### Exercise objective
Your answer should give again, exactly, the lines from the beginning of the entries below through the line containing "The second term". It must contain no pictures.

Stored records:

◆ ◆ ◆ ◆ ◆ ◆ ◆

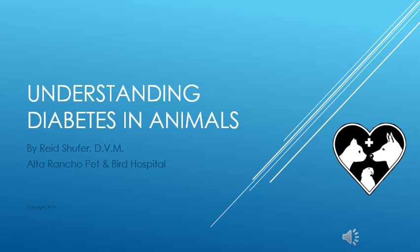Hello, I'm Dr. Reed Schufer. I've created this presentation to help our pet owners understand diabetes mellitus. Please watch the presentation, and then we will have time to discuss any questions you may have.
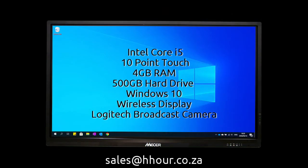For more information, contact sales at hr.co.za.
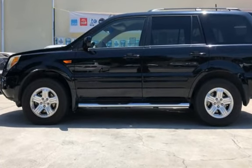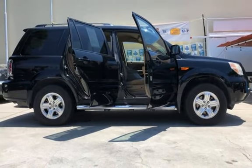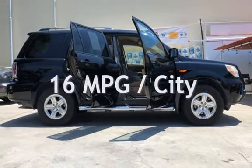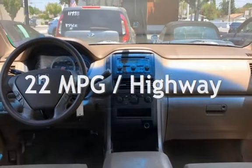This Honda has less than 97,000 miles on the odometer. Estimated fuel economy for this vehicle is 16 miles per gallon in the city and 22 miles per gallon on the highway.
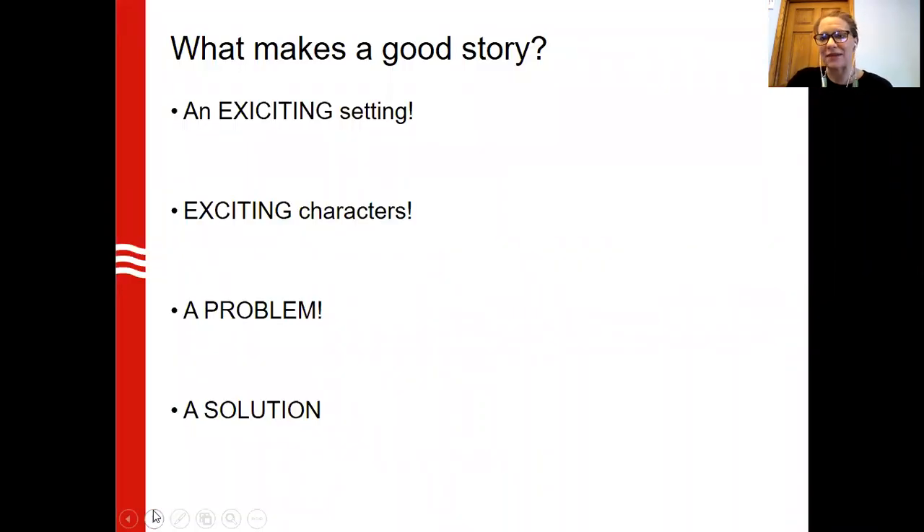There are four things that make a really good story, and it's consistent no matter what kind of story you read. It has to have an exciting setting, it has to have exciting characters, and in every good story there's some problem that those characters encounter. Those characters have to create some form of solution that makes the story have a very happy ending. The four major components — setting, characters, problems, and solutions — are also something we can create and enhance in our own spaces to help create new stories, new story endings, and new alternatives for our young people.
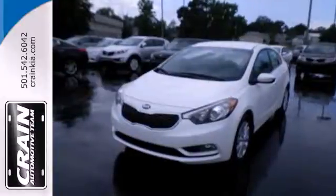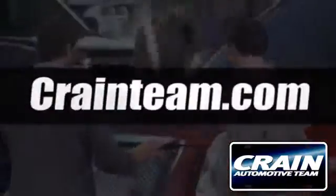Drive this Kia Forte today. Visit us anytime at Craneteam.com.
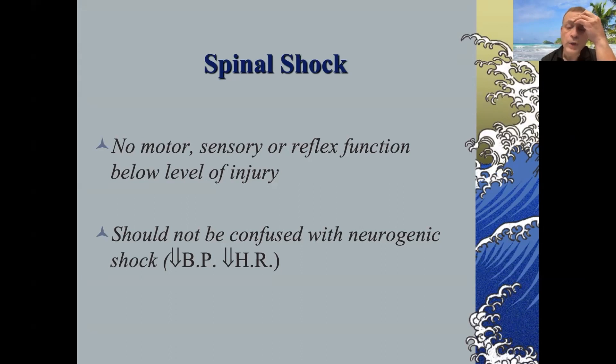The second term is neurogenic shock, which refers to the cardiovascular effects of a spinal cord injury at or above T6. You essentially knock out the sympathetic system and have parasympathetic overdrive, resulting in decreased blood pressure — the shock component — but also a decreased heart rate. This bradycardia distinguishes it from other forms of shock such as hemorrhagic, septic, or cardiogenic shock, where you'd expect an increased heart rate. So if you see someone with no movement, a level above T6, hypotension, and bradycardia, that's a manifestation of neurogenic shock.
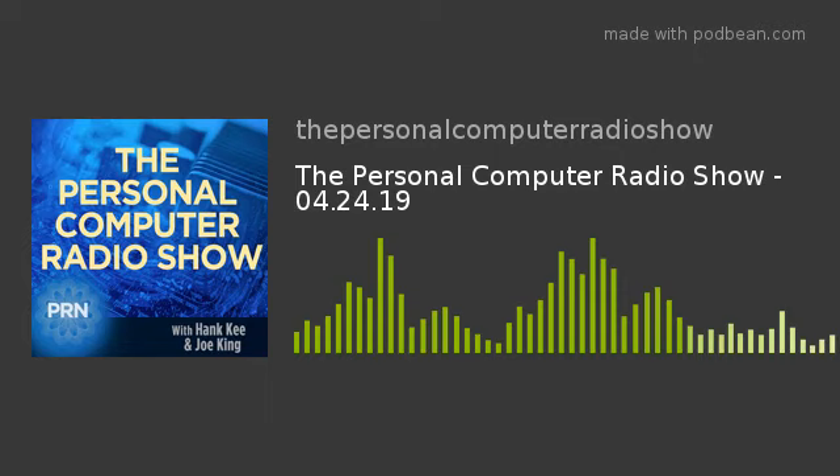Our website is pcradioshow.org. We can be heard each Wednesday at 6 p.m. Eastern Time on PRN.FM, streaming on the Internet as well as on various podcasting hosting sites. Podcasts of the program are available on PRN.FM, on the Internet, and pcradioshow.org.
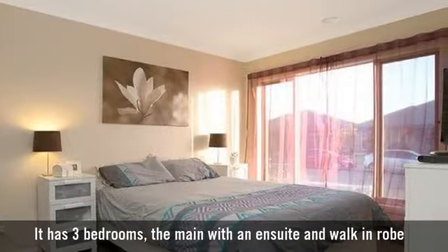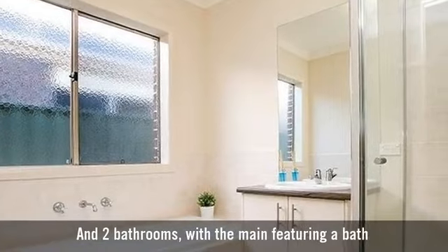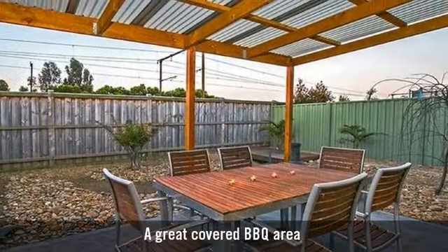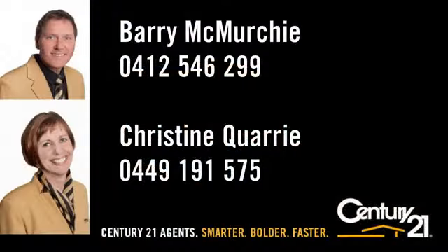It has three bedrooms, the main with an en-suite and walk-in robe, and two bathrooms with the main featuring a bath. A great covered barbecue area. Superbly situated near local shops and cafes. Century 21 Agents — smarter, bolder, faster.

◆ ◆ ◆ ◆ ◆ ◆ ◆

### Answer to this exercise
Hello, I'm Dr. Reed Schufer. I've created this presentation to help our pet owners understand diabetes mellitus. Please watch the presentation, and then we will have time to discuss any questions you may have.
For more information, contact sales at hr.co.za.
This Honda has less than 97,000 miles on the odometer. Estimated fuel economy for this vehicle is 16 miles per gallon in the city and 22 miles per gallon on the highway.
There are four things that make a really good story, and it's consistent no matter what kind of story you read. It has to have an exciting setting, it has to have exciting characters, and in every good story there's some problem that those characters encounter. Those characters have to create some form of solution that makes the story have a very happy ending. The four major components — setting, characters, problems, and solutions — are also something we can create and enhance in our own spaces to help create new stories, new story endings, and new alternatives for our young people.
Drive this Kia Forte today. Visit us anytime at Craneteam.com.
The second term is neurogenic shock, which refers to the cardiovascular effects of a spinal cord injury at or above T6. You essentially knock out the sympathetic system and have parasympathetic overdrive, resulting in decreased blood pressure — the shock component — but also a decreased heart rate. This bradycardia distinguishes it from other forms of shock such as hemorrhagic, septic, or cardiogenic shock, where you'd expect an increased heart rate. So if you see someone with no movement, a level above T6, hypotension, and bradycardia, that's a manifestation of neurogenic shock.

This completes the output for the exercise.